### WORK INSTRUCTION
Wherever the string "Size" occurs in a line of these records, report that line.

━━━ RECORD EXCERPTS ━━━

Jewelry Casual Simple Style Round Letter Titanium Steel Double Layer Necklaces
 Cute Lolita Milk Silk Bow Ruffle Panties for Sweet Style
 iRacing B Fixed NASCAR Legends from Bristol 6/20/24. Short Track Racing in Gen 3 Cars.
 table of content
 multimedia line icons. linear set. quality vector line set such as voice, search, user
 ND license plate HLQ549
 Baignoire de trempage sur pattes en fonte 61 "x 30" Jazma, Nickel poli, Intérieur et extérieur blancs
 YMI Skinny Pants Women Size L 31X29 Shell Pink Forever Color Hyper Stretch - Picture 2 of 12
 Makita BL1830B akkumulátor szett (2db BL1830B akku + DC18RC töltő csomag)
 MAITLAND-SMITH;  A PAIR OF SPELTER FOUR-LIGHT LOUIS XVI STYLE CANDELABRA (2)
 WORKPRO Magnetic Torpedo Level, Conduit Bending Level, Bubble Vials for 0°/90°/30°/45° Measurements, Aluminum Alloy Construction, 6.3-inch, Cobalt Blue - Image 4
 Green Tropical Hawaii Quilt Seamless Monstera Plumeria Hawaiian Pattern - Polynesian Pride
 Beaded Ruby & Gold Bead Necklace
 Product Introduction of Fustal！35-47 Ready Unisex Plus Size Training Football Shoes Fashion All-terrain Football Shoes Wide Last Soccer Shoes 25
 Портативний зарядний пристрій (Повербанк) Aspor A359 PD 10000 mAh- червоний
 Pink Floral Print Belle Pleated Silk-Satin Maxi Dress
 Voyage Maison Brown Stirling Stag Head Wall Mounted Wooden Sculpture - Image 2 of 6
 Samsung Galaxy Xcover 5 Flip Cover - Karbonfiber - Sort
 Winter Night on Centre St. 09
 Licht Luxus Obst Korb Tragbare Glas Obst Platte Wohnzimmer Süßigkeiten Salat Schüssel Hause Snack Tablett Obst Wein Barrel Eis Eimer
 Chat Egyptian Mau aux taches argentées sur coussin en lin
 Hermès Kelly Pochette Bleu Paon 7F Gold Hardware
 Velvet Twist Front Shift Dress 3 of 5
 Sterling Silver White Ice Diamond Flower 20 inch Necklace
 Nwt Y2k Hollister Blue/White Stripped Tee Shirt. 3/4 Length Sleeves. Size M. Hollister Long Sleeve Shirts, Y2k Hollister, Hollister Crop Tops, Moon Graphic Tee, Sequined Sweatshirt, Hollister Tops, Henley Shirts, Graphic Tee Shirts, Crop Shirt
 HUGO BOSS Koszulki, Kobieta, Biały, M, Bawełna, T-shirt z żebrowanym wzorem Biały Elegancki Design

━━━

### SOLUTION TO THIS EXERCISE
 YMI Skinny Pants Women Size L 31X29 Shell Pink Forever Color Hyper Stretch - Picture 2 of 12
 Product Introduction of Fustal！35-47 Ready Unisex Plus Size Training Football Shoes Fashion All-terrain Football Shoes Wide Last Soccer Shoes 25
 Nwt Y2k Hollister Blue/White Stripped Tee Shirt. 3/4 Length Sleeves. Size M. Hollister Long Sleeve Shirts, Y2k Hollister, Hollister Crop Tops, Moon Graphic Tee, Sequined Sweatshirt, Hollister Tops, Henley Shirts, Graphic Tee Shirts, Crop Shirt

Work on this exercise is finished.